Back inside, adrenaline coursing through me, I grabbed my keys and updated my friend. She offered to drive. A good idea. It took us less than two minutes to reach the crash, a half-mile from the ranch, traffic at a standstill backup. I hopped out and moved toward the wreck on foot. It wasn’t looking good. A destroyed small car and, in a nearby field, a StarFlight Helicopter waiting to rush its driver to hospital. On the other side of the road a kid, maybe eight or nine, sitting in a daze, his grandmother standing over him, apparently the occupants of the truck that had been hit.
A deputy stepped forward and intercepted me. I explained the odd situation, saying I had been sent for, told that someone I knew was part of this tragedy. But even as I spoke, I could see this wasn’t true.
As I walked back toward my friend’s car, I again came upon the folks who had raced to get me. Befuddled, I asked them again, and then again, if they were sure that whoever sent them had said, “Tiny T Ranch.” They were adamant.
I have not yet solved this creepy mystery, and I doubt I ever will. But as I spent the rest of the day trying to calm myself, my mind, which likes to look for messages in odd places, seized upon something.
Your son’s been in an accident.
I realized that, any time I reflect on my son’s childhood, most often my conclusion is—if not precisely in these words—Your son’s been in an accident. As if I had gotten every single moment of mothering wrong. As if I had ruined his life irreparably, simply by being the mother to whom he was born. As if his only experience in life was and remains profound suffering. As if every pain he has ever felt and ever will feel is somehow my fault, directly or indirectly.
Intellectually, I can vaguely grasp that this is untrue. But when I try to counter this negative, self-imposed guilt trip, try to make myself recount things I did get right, in from a dark corner slithers some warped message from long ago about how making such positive tallies (perhaps especially by women) is just another way of fucking up, of trying to deny or cover up all the bad stuff and also, since I’m piling it on, is also a version of that deadly sin, Pride.
As of today, I have been a mother for 34 years. I could spend endless hours and countless words laundry-listing my Mothering Mistakes. I’m roughly 100% positive that a major driver of this self-denigration is, just like the road to hell, paved with good intentions. Like so many of us, one of the biggest mistakes I’ve made—and still sometimes make—has been trying to foist upon my adult child not necessarily what he needs, but what I needed and never got.

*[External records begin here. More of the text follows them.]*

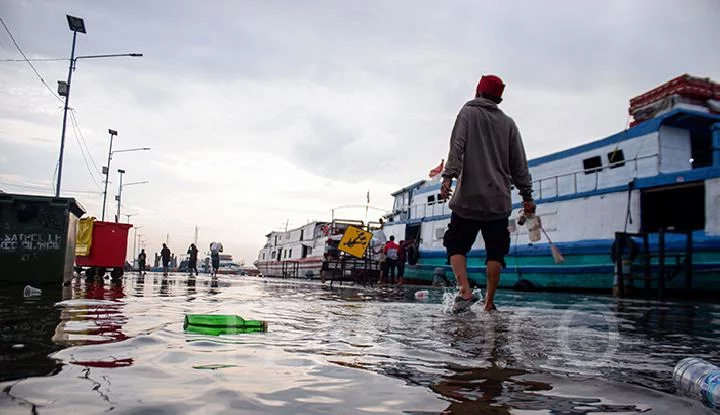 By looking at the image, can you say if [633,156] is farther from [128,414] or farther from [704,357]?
[128,414]

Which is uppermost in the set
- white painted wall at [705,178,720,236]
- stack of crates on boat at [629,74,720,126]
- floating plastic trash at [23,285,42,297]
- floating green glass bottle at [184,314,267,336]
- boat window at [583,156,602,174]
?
stack of crates on boat at [629,74,720,126]

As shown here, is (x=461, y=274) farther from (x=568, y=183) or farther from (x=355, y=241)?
(x=568, y=183)

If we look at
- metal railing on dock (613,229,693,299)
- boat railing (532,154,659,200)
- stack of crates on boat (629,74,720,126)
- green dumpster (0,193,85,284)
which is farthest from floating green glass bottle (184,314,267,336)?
stack of crates on boat (629,74,720,126)

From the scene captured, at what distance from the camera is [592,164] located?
15117mm

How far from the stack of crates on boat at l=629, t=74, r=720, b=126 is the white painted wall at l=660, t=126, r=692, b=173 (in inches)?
48.8

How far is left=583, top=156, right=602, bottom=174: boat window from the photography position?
48.4 ft

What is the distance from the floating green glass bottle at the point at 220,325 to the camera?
9.01ft

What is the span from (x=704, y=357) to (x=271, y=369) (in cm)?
215

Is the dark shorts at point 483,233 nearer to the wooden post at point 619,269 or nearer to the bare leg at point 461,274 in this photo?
the bare leg at point 461,274

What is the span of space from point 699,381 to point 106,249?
1172 cm

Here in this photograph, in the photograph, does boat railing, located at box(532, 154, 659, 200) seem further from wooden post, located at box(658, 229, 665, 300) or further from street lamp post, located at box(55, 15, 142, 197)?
street lamp post, located at box(55, 15, 142, 197)

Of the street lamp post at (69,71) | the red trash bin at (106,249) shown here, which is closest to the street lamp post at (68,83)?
the street lamp post at (69,71)

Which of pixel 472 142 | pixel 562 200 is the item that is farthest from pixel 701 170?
pixel 472 142

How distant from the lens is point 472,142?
16.8ft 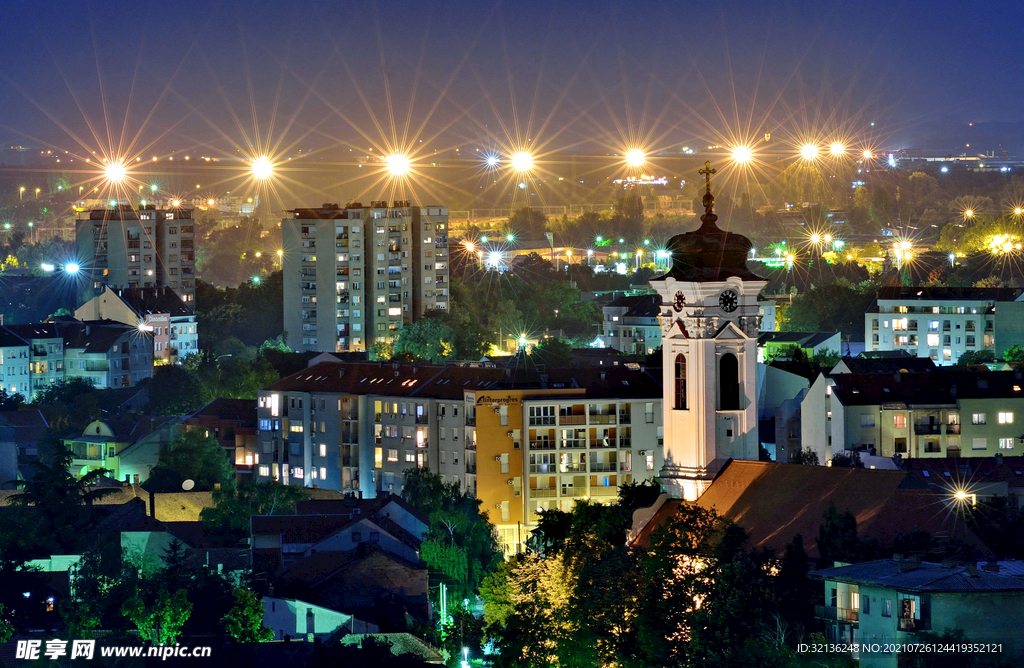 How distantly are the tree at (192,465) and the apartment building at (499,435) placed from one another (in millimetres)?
3340

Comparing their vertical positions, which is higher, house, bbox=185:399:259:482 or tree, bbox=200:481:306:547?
house, bbox=185:399:259:482

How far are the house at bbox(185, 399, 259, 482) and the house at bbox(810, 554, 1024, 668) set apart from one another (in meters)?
43.2

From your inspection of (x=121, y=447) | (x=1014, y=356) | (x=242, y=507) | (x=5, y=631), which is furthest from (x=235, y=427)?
(x=5, y=631)

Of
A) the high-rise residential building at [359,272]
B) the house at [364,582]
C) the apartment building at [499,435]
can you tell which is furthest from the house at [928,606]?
the high-rise residential building at [359,272]

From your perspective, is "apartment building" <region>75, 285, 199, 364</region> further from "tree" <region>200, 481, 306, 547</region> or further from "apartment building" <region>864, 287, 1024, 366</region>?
"tree" <region>200, 481, 306, 547</region>

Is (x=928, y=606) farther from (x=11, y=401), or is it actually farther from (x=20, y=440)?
(x=11, y=401)

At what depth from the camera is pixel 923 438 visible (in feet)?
194

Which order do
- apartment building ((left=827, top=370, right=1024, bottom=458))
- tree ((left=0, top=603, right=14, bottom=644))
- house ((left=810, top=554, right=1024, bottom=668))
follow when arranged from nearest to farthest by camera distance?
house ((left=810, top=554, right=1024, bottom=668)) < tree ((left=0, top=603, right=14, bottom=644)) < apartment building ((left=827, top=370, right=1024, bottom=458))

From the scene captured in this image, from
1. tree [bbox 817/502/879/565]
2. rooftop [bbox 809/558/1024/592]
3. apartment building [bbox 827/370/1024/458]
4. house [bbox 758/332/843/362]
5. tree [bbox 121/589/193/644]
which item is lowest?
tree [bbox 121/589/193/644]

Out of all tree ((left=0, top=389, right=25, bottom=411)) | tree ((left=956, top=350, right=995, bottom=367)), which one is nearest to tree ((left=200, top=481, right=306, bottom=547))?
tree ((left=0, top=389, right=25, bottom=411))

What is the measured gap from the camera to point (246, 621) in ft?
136

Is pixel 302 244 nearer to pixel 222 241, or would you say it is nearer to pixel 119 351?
pixel 119 351

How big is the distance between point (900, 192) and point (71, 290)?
3638 inches

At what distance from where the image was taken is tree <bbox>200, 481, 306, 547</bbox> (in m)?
52.0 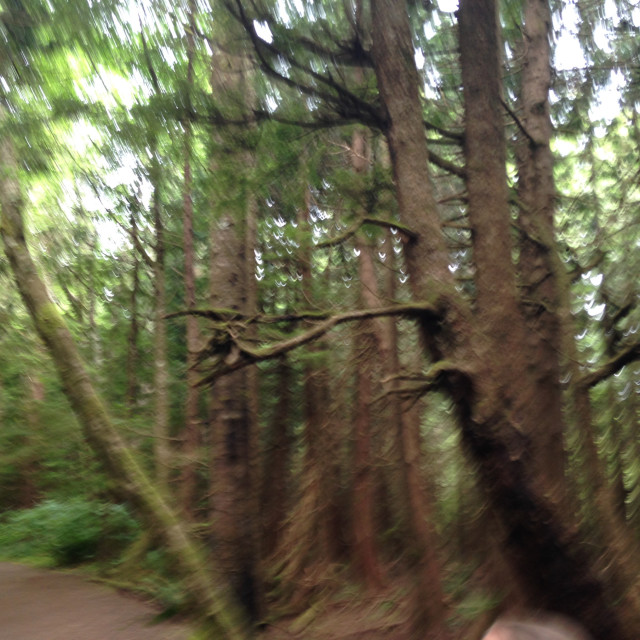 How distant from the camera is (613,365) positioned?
270 inches

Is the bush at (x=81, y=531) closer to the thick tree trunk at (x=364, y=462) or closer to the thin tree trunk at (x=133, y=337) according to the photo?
the thin tree trunk at (x=133, y=337)

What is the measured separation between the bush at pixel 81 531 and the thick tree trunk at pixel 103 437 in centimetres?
459

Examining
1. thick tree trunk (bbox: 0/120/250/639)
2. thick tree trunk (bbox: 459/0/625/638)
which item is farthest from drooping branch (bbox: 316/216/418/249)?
thick tree trunk (bbox: 0/120/250/639)

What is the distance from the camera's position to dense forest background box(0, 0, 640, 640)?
659cm

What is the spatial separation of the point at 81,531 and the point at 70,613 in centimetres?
412

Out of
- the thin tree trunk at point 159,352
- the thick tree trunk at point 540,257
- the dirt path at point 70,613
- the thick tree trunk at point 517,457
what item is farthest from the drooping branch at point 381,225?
the dirt path at point 70,613

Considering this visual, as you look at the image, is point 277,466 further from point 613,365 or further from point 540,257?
point 613,365

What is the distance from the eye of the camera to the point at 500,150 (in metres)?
7.32

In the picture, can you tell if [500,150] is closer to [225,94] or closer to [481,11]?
[481,11]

My own mother never could—and has made it abundantly clear she never will—acknowledge my childhood trauma. It doesn’t matter to her that she was standing inches away when my “father” hit me in the face. It doesn’t matter that even the despicable catholic church recognized (in the form of a financial settlement) that I was sexually assaulted by my cousin priest. She will hear none of it. And so, not out of anger but frustration and sadness, I can no longer communicate with her
Last year, right after Sinead died, I watched the beautiful documentary about her. In one scene, she is being interviewed by a TV host about how her mother beat the living shite out of her regularly and damaged her permanently. She was in her early twenties at the time. This was the ‘80s, before phrases like PTSD and intergenerational trauma were tossed around as they are today. But even then she understood, expressed compassion for her abusive mother, who’d learnt violence from her own mother, who’d learnt it from her own mother and so on, like some nightmare version of that old Faberge shampoo commercial.
How that stuck with me. My mother’s mother’s mother died when she (my grandmother) was a little child. Her stepmother beat the hell out of her. Then her father died and my grandmother, still a child, was sent to who knows where, separated from her siblings. She married at sixteen, had seven kids (one died), and one of her tools of discipline was an electric cord that she used to beat her kids. Her husband, my grandfather, was a violent drunk, often unemployed, and so my grandmother waited tables to support her family, which was a perpetual struggle.
My mother began a correspondence with my “father” when she was fifteen and he was twenty and away in the Korean War. She eloped at 19, outraging her parents. She didn’t beat us with an electrical cord, but there were those moments in which hairbrushes and “the Big Spoon” were employed to make us fall into line. Honestly, I have scant memories of being beaten. I focus more on all the arts and crafts she taught us, fostering in me a lifelong passion.
When I consider her history, the time and culture into which she was born, her home life as a child—I can actually (almost) understand how my “father” was always a hero to her, her own father having set the bar so terribly low.
How harshly I judged her throughout my life for having lied to herself and us kids about what a great guy he was. And so my comeuppance, which took a very long time to arrive, was sharp and agonizing when it did. For my own son’s father split when he was two, languished in alcoholism so severe he regularly had seizures, sent no child support. And yet, year after year after year I loaded my son into one beater car or another, drove him to St. Louis to see this man, and perpetuated the lie that he wasn’t “bad,” he was just very sick. Technically, these were truths. He is not a bad man—he is certainly kinder than my father. But the message I was trying to convey was some myth that he was a really, really good guy, and he didn’t mean to fail as a father. I was so locked into this presentation that I refused to see and believe that no matter why he split, the fact is he split, and no abandoned child ever just “gets over it.” He might not be a bad man, but he was a terrible father. Or, more accurately, no father at all.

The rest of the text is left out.